Game for value of $\frac{Sin 2A + Sin 4A + Sin 6A}{7}$

Answer 1

$\frac{\sin 4A (2 \cos 2A + 1)}{7}$

Answer 2

To simplify the given expression $\frac{\sin 2A + \sin 4A + \sin 6A}{7}$, we can use trigonometric sum-to-product identities.

Step 1: Group the terms in the numerator and apply the sum-to-product formula. The sum-to-product formula for $\sin x + \sin y$ is $2 \sin\left(\frac{x+y}{2}\right) \cos\left(\frac{x-y}{2}\right)$. Let's group $\sin 2A$ and $\sin 6A$: $\sin 2A + \sin 6A = 2 \sin\left(\frac{2A+6A}{2}\right) \cos\left(\frac{2A-6A}{2}\right)$ $= 2 \sin\left(\frac{8A}{2}\right) \cos\left(\frac{-4A}{2}\right)$ $= 2 \sin(4A) \cos(-2A)$ Since $\cos(-x) = \cos x$, we have: $\sin 2A + \sin 6A = 2 \sin(4A) \cos(2A)$

Step 2: Substitute this back into the numerator of the original expression. The numerator is $\sin 2A + \sin 4A + \sin 6A$. Substituting the result from Step 1: $\text{Numerator} = 2 \sin(4A) \cos(2A) + \sin 4A$

Step 3: Factor out the common term $\sin 4A$. $\text{Numerator} = \sin 4A (2 \cos 2A + 1)$

Step 4: Write down the complete simplified expression. The given expression is: $\frac{\sin 2A + \sin 4A + \sin 6A}{7} = \frac{\sin 4A (2 \cos 2A + 1)}{7}$

This is the simplified form of the expression. Without any specific value or condition for 'A', the expression cannot be simplified to a numerical constant.

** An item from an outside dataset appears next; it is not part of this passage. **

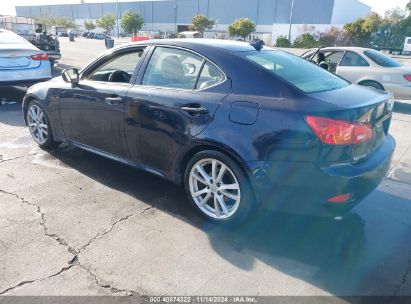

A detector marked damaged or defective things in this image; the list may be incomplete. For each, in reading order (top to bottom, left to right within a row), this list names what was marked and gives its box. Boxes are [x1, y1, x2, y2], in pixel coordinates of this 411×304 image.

crack in pavement [394, 258, 410, 296]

Alternatively, one could recognize the numerator as a sum of sines in an arithmetic progression. The sum of $n$ terms of $\sin(\alpha + (k-1)\beta)$ is given by $S_n = \frac{\sin(n\beta/2)}{\sin(\beta/2)} \sin(\alpha + (n-1)\beta/2)$. Here, $\alpha = 2A$, $\beta = 2A$, and $n=3$. $\text{Numerator} = \frac{\sin(3 \cdot 2A/2)}{\sin(2A/2)} \sin(2A + (3-1)2A/2)$ $= \frac{\sin(3A)}{\sin(A)} \sin(2A + 2A)$ $= \frac{\sin(3A)\sin(4A)}{\sin(A)}$ Thus, the expression is $\frac{\sin(3A)\sin(4A)}{7\sin(A)}$. Both forms are equivalent, as $2\cos(2A)+1 = \frac{\sin(3A)}{\sin(A)}$.

The final answer is $\boxed{\frac{\sin 4A (2 \cos 2A + 1)}{7}}$.

Explanation:

The problem requires simplifying a trigonometric expression. We used the sum-to-product identity $\sin x + \sin y = 2 \sin\left(\frac{x+y}{2}\right) \cos\left(\frac{x-y}{2}\right)$ on the terms $\sin 2A$ and $\sin 6A$. This resulted in $2 \sin 4A \cos 2A$. Adding the remaining term $\sin 4A$ and factoring out $\sin 4A$ led to the simplified numerator $\sin 4A (2 \cos 2A + 1)$. The denominator remains $7$.

Answer:

The value of the expression is $\frac{\sin 4A (2 \cos 2A + 1)}{7}$.